Di ruang tengah aku duduk di susul Fitri. "Duduk, jangan berdiri begitu." Ia pun menurut. "Kamu kenapa sih, nggak bisa mendidik anak untuk tidak mengacaukan rumah?" Ah, padahal awalnya aku mau minta maaf tapi kenapa malah jadi bahas soal anak sih?

"Maaf."

"Nggak bisa apa ya kamu bicara lain selain maaf?" Aku makin kesal saja, niatku kan diskusi tapi bagaimana mau memecahkan masalah kalau hanya dijawab maaf?

"Aku bicarapun kamu tidak mau mendengarkan, tidak percaya, lalu untuk apa?"
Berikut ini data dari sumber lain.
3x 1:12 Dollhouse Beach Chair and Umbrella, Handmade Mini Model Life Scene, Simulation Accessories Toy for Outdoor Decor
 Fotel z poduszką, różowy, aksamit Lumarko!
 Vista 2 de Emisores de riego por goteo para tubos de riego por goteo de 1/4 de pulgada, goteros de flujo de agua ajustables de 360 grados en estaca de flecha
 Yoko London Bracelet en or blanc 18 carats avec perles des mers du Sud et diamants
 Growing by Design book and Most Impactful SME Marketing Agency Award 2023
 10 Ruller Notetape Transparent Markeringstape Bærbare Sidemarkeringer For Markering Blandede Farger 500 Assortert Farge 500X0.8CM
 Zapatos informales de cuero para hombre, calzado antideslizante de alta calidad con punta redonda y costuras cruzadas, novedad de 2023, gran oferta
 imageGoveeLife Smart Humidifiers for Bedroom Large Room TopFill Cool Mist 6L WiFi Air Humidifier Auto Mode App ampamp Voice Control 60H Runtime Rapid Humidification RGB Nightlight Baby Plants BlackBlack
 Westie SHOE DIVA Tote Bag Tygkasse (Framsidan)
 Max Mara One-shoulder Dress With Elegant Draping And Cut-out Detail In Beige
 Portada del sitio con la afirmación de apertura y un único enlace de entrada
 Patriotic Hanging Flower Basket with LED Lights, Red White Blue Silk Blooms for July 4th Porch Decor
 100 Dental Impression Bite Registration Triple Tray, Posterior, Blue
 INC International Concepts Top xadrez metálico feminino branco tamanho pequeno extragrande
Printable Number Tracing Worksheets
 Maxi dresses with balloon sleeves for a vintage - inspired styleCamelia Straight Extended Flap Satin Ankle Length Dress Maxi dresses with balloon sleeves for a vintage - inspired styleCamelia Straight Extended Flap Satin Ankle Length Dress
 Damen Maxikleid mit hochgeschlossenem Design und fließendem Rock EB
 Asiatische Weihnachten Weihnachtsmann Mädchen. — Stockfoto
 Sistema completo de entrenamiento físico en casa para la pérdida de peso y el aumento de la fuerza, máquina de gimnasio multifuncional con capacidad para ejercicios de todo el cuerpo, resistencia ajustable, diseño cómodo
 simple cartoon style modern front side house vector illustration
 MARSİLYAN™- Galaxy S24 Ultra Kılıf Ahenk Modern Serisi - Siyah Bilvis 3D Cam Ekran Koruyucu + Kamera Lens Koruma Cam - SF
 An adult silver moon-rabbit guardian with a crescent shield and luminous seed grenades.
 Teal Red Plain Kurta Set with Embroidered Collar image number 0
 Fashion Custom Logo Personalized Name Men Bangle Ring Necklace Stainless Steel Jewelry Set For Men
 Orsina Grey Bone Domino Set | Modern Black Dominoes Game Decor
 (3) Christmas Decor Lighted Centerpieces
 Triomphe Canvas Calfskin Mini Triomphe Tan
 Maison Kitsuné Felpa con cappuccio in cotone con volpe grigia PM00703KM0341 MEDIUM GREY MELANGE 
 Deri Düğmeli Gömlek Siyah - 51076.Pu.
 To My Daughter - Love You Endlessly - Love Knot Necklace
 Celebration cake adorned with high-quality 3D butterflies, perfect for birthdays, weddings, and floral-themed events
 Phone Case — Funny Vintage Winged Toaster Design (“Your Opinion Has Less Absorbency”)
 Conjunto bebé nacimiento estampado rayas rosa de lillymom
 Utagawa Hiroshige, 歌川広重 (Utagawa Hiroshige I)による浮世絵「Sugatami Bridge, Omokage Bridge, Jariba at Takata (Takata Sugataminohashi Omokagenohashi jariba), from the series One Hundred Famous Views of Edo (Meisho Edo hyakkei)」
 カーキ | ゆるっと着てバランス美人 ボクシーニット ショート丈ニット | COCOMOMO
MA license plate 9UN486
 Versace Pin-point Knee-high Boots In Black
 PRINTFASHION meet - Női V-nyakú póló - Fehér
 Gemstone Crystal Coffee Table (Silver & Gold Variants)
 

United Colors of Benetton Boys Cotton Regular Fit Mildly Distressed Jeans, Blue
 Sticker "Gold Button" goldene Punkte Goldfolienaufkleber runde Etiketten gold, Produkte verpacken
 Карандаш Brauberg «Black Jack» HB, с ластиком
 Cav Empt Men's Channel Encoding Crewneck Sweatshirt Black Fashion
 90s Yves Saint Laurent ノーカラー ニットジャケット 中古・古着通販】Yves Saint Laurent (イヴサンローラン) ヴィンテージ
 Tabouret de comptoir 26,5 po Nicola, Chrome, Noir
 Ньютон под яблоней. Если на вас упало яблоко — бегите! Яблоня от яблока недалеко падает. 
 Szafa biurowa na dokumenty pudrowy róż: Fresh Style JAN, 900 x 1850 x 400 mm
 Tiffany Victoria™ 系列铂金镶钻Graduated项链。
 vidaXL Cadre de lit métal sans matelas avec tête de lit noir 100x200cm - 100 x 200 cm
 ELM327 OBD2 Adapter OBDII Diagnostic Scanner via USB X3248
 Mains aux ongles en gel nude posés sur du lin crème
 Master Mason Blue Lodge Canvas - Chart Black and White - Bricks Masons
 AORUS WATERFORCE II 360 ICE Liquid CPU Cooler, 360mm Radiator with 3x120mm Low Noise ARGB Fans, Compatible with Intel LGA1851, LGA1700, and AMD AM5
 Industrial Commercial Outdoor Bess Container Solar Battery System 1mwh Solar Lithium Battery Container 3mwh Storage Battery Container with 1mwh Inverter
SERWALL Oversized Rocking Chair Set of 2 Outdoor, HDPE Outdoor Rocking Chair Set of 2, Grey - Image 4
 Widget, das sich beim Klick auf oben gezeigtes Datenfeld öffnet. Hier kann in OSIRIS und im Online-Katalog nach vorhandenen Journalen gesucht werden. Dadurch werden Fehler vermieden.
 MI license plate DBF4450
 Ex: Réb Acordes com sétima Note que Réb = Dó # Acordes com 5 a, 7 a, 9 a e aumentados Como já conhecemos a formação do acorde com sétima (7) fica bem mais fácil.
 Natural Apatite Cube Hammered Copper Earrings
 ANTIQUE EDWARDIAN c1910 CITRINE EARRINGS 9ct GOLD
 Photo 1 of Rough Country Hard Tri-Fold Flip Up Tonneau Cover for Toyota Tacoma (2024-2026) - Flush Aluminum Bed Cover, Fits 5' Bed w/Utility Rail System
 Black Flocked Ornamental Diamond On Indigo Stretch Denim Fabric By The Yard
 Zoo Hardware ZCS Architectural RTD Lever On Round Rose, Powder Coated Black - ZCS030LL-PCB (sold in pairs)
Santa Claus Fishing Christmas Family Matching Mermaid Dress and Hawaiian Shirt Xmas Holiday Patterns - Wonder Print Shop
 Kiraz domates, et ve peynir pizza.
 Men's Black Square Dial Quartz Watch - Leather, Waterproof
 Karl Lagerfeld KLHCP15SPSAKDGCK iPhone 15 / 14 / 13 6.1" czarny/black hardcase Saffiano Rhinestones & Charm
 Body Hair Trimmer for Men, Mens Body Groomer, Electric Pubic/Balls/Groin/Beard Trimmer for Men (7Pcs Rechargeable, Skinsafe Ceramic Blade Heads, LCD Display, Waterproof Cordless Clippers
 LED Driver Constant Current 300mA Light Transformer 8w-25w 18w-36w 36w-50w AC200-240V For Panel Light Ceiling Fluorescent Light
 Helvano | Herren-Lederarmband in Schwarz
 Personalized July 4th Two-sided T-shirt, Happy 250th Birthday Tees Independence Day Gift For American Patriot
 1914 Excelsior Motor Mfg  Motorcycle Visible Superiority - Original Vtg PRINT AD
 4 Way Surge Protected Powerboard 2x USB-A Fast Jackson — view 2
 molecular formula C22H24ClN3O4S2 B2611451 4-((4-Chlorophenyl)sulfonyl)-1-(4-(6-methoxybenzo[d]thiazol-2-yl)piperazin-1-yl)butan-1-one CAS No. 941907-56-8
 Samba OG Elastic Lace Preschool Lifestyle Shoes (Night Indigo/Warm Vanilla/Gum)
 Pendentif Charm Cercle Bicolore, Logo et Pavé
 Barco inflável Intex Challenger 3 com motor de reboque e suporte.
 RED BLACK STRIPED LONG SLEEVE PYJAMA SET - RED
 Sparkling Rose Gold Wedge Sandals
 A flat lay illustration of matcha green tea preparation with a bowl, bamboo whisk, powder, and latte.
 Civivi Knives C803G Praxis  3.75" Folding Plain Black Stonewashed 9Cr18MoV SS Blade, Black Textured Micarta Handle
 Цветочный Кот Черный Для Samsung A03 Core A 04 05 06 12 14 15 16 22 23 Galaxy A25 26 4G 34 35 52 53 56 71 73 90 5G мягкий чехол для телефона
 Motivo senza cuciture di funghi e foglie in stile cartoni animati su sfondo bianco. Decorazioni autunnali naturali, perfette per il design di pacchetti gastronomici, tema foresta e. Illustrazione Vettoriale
Eh, di bisa jawab cukup panjang juga. "Memang kamu pernah bahas soal anak, kamu itu sibuk dengan Fikram saja, ke mana-mana gendong Fikram, rasanya jarang aku lihat ia lepas dari gendonganmu, anak jangan terlalu dimanja begitu, nanti sulit lepas darimu baru tahu rasa."

Fitri nampak menghela nafas, lalu melepas gendongan Fikram, ia serahkan bocah berusia 6 bulan itu padaku. Aku bingung tapi tetap aku terima dan pangku dengan baik. Seketika ia berontak dan hendak turun, bahkan mulai merengek lalu menangis kencang. Seolah aku ini orang asing baginya. "Kamu ngajarin apa sih ke Fikram kok ke Ayahnya kaya nggak kenal gini?" Aku coba menahan tubuh kecil itu agar tetap mau dalam pangkuanku, tapi semakin keras usahaku tangisnya semakin menjadi.

"Karena dia punya hati dan perasaan, ia tahu mana yang sayang dan tidak padanya."

Mendengar itu tentu saja aku emosi. "Loh, maksudmu apa ngomong gitu, aku nggak sayang sama Fikram? Eh popok dan lainnya siapa yang beli kalau bukan pakai uangku, cara bicaramu itu sangat menyakiti hatiku, Fikram itu anakku mana mungkin aku tidak sayang padanya. Ngaco kamu!" bentakku kesal.

"Kalau begitu mulai sekarang uruslah dia, bermain dengannya, jangan semua diserahkan padaku."

"Bayi itu memang harusnya dekat dengan Ibunya, kalau sudah besar seperti Dimas dan Aliyah baru bisa dekat dengan Bapaknya, karena mereka sudah punya nalar dan mengerti ucapanku atau perintahku. Tapi, Fikram belum paham jadi untuk apa berinteraksi dengannya, hanya membuatku lelah saja."